TRY IT »
Return the listing that follows exactly, with no pictures included.

GIVEN INFORMATION »
┏━━

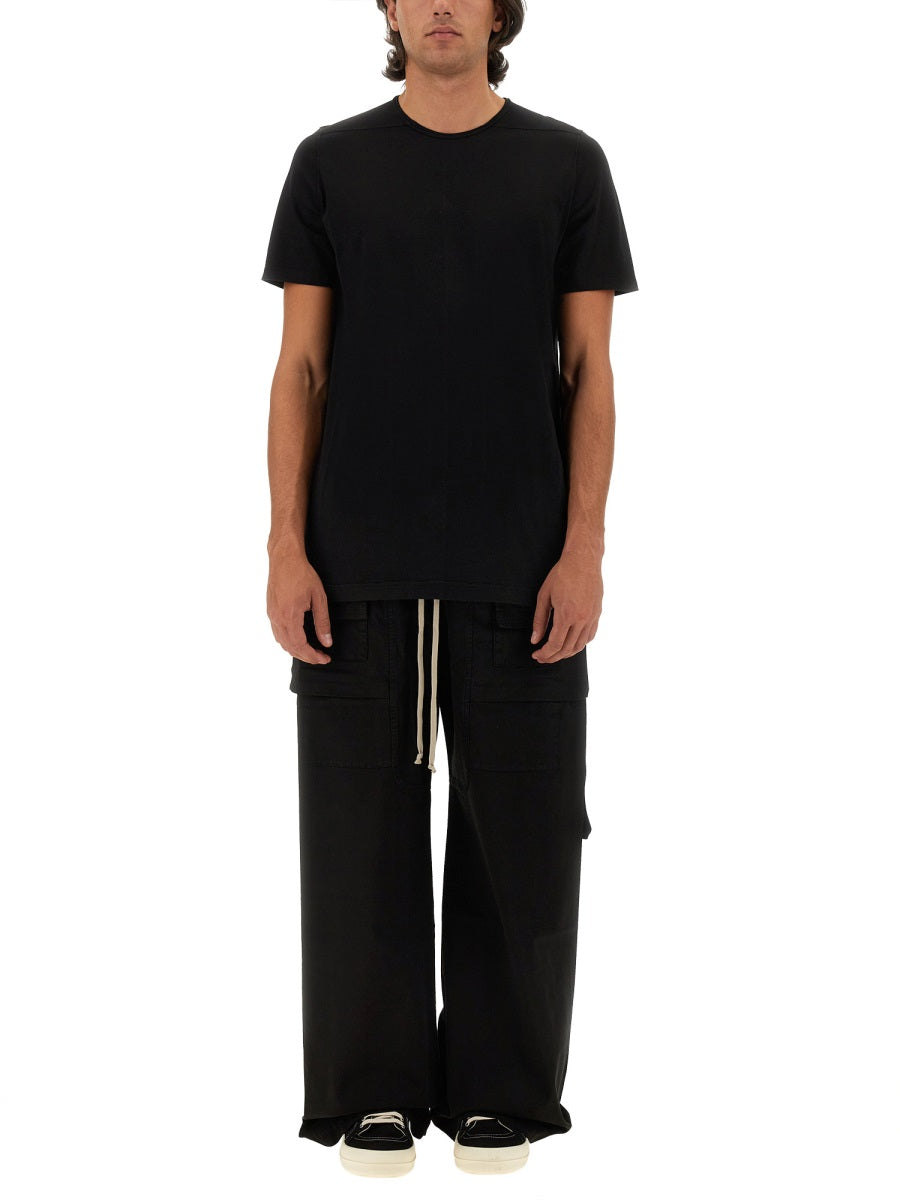 Minimalist Black Regular Fit T-Shirt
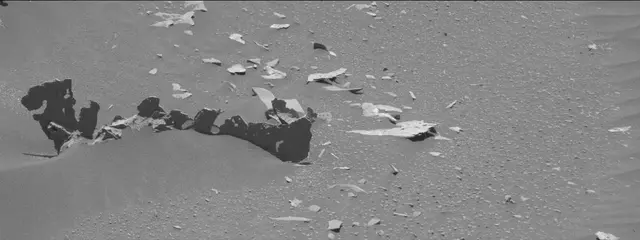 Sol 3310: Mast Camera (Mastcam)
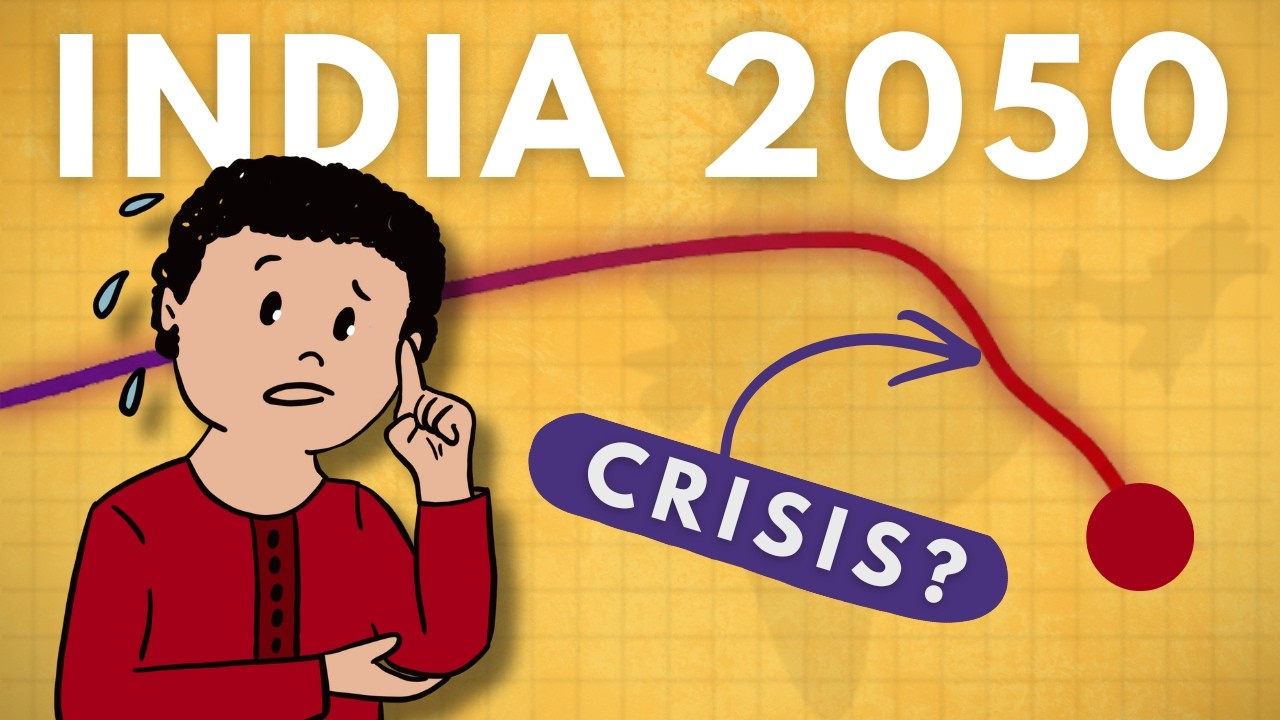 What Will India Look Like in 2050?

┗━━

RESPONSE TO THIS EXERCISE »
 Minimalist Black Regular Fit T-Shirt
 Sol 3310: Mast Camera (Mastcam)
 What Will India Look Like in 2050?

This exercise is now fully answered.